I've been thinking a lot about memory.

In part because I remember a lot.

In part because it's a little bit about what my last story was about.

In part because Ryan sent me the link to this article.

In part because in the article it makes memory sound like a sandcastle... or a little kid's block set. Something you build and then every time you remember you knock it all down and build it up again. But it's never really the same as it was... not quite.

In part because there are so many things that I wish were written down, or video taped, just so that I would know exactly what happened... exactly how it happened...

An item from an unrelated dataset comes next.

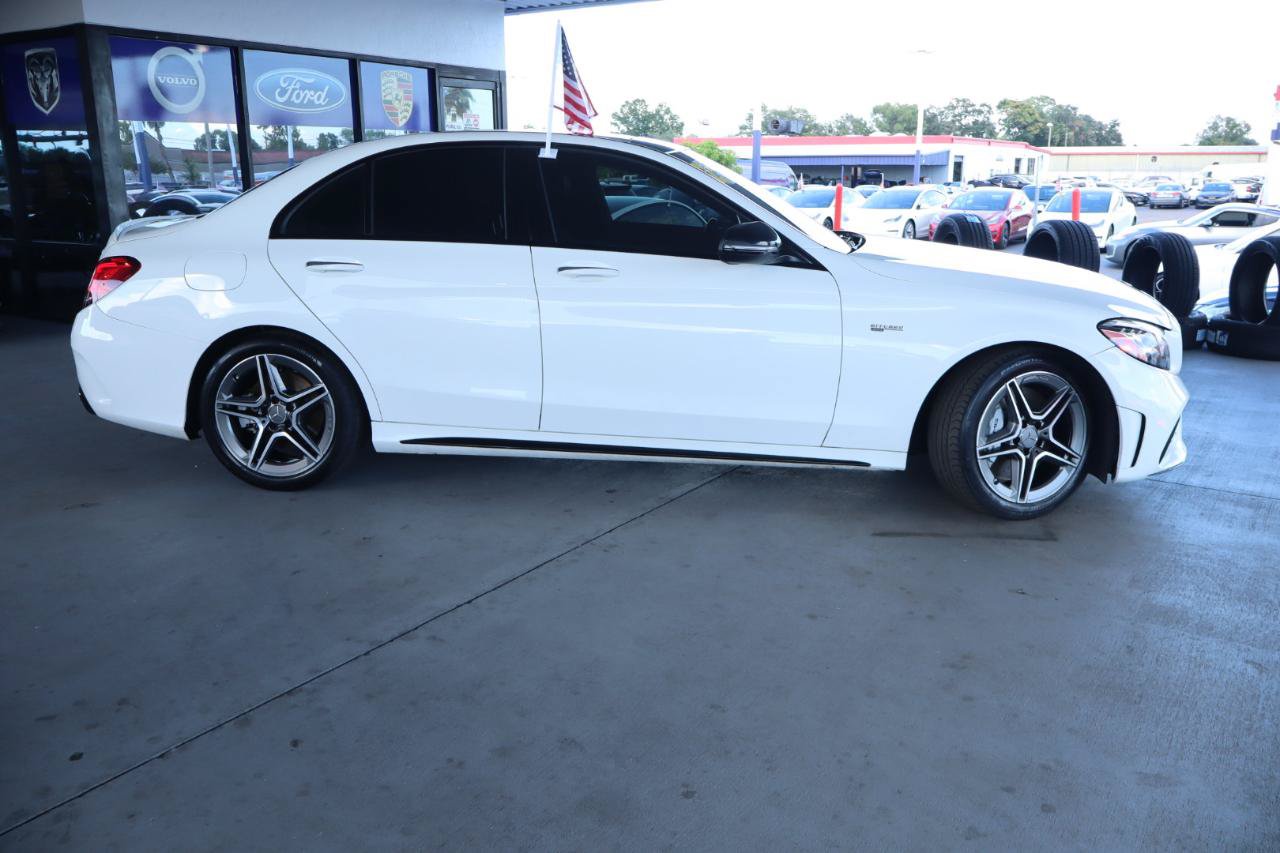 Used 2020 Mercedes-Benz C 43 AMG 4MATIC Sedan w/ Driver Assistance Package image 6
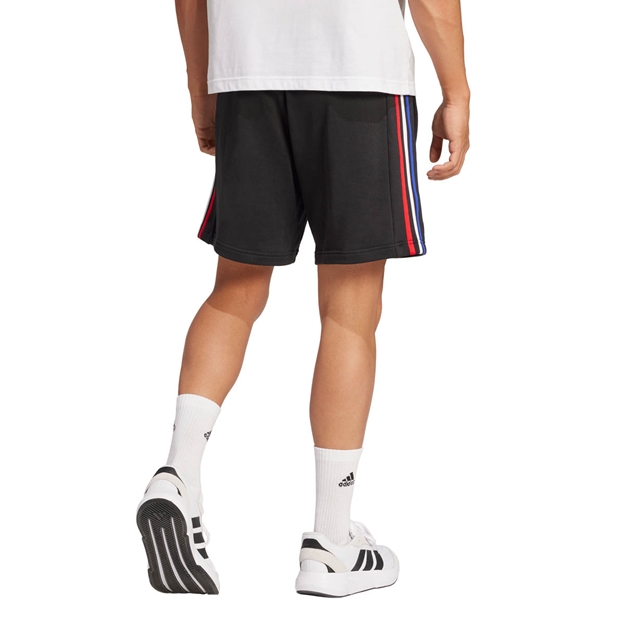 France Fan Wear Shorts Black - Model Back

In part because there are so many things that were once written down that have been lost now.

In part because Eternal Sunshine of the Spotless Mind has burst back into my life with a vengeance and I just watched it for the first time since I lived on the first floor of a hexagonal prism.

In part because I'm in one of those weird moods that artsy movies make you get into.

In part because I messed up my sleep schedule last week and it's currently 5:30 AM

In part because I want to have Clementine's hair.

The thing that I like about my blog is that it's a semi-accurate representation of what I'm feeling on a day to day basis, that I can always go back and look at. The thing I dislike about it is the same...

I say semi-accurate, for one reason- I still keep secrets from my blog. If I'm angry at someone I don't tell my blog. If I'm in love with someone I don't tell my blog. If I'm bored with someone I don't tell my blog. I don't (or very rarely?) express my political views on my blog. I don't tell other's secrets on my blog.

Sometimes I leave myself subtle clues, so that if I ever do go back and read my blog I can recall the emotion of that day.... What I was really saying. I try to be subtle enough that no one else knows they are clues, but sometimes I wonder if those who know me best.. can't see through the billboard sign that I call "subtle."

I have a pretty distorted view of myself... I think my mouth is open really really big when Kara says it's just barely open and I think my thoughts/emotions are locked up up tight when really they are on display for anyone who has eyes.

But then again maybe that just means I'm like the rest of the world.